While SPSS offers both pull-down menus and syntax as a way to interface with the program, we will only be using syntax. This is twofold: first, syntax often offers more options than are available through pull-down menus and second, because this allows you to save a record of your data manipulations, transformations, and procedures. This second reason is perhaps the more important one. You will have a record of what data file you read in, and in what format, what you did to it (did you add a column?), what analyses you performed and how, and if any data sets were saved out after your work. Since syntax files can be saved and shared, this will allow you or others to repeat your analyses very easily rather than having to know all the buttons you clicked, which options were selected, and in which order things were performed.
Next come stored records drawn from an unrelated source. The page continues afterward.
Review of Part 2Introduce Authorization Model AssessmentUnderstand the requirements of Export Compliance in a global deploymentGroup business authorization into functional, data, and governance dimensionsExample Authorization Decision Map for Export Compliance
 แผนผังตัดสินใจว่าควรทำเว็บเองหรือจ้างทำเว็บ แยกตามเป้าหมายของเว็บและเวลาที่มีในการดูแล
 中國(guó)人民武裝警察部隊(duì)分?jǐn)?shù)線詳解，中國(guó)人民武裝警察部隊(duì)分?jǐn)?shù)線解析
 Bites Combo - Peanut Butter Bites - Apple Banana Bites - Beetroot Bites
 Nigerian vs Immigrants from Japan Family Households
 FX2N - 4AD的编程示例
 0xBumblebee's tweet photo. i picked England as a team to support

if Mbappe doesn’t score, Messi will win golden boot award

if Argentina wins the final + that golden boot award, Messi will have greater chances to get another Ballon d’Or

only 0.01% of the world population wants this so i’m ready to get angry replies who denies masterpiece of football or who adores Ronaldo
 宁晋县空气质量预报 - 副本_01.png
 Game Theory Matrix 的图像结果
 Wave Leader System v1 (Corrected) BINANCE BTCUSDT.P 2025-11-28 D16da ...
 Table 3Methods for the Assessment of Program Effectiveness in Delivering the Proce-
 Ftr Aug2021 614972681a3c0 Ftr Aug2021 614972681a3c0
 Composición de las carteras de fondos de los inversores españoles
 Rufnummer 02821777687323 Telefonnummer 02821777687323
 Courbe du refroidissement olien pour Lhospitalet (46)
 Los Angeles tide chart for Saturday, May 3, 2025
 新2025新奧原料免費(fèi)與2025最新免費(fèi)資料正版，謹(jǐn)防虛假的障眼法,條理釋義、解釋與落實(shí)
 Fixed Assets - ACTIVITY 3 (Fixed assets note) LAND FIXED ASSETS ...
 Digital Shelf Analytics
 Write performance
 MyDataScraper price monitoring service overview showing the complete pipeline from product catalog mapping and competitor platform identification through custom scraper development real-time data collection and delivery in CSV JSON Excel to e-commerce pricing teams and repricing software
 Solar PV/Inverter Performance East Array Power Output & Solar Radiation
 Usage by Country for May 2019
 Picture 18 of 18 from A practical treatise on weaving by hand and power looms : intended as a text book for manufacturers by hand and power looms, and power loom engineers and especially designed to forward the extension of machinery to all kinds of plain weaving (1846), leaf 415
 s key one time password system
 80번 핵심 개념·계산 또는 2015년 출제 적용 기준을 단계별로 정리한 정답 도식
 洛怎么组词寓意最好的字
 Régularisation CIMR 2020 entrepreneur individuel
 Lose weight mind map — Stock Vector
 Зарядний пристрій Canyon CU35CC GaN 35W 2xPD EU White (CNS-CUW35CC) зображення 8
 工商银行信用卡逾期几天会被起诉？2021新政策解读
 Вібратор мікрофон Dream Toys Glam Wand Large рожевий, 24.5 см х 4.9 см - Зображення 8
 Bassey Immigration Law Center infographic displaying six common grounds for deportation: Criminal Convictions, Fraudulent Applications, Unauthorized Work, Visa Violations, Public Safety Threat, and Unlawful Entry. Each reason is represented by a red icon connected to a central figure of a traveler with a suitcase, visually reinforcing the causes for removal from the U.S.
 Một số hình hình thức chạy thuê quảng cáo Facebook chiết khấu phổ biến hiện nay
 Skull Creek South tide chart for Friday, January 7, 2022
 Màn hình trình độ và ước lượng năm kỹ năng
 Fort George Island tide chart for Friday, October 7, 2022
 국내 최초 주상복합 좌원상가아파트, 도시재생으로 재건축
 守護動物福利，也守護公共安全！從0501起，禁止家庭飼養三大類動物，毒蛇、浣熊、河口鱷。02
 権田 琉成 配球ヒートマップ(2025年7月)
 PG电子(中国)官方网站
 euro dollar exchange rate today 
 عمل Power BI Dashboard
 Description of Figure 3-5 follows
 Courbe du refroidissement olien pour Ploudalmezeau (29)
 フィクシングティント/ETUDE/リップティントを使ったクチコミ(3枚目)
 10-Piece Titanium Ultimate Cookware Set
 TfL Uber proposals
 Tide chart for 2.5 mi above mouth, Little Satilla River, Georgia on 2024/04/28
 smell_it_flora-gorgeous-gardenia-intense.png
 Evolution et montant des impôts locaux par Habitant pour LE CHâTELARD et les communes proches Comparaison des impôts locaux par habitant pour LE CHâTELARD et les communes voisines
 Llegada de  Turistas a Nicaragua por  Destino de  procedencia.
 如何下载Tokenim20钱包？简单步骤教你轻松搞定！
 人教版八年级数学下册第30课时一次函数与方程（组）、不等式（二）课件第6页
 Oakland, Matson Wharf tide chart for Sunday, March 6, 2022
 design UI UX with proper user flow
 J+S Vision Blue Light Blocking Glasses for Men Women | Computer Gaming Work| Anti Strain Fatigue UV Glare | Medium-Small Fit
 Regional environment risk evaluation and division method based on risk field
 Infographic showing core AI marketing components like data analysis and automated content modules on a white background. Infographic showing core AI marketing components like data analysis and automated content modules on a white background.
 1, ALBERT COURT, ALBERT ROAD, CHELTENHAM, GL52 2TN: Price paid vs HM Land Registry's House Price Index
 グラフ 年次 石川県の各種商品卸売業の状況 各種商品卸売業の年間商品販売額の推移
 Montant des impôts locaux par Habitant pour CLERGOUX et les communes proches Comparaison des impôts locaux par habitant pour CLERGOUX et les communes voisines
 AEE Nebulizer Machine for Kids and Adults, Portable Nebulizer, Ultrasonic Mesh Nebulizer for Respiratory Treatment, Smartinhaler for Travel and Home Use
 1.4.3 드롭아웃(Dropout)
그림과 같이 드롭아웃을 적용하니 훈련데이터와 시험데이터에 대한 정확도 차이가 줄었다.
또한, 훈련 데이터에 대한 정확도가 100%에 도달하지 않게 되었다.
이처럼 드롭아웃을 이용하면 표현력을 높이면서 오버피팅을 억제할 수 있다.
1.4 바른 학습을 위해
Think back to Excel - there is no record of what you did, only the end result. Additionally, in Excel you are working on the original data file. If you make a mistake and don’t immediately realize it - the entire file is corrupted. When using syntax, if you make a mistake, you can just re-read in the original data file and re-run the syntax before your mistake. This was my personal ‘lightbulb’ moment - I was far less afraid of making mistakes once I realized how easy it was to just bring in the original file again. I wasn’t going to ‘ruin’ it, because the syntax wasn’t changing the original, just what was in the SPSS memory.

5.1.1 How do I get to SPSS Syntax?

When you open SPSS, the syntax window does not automatically open. You will need to go to File -> New -> Syntax. Before you do anything else, save this file! Name it something that makes sense, and save it in a location that you will be able to find again. Also of note, your syntax file, data file(s), and output all save as separate files. Simply saving your syntax file will not save the other files automatically. Closing the last data window will exit SPSS completely - it will generally warn you as such.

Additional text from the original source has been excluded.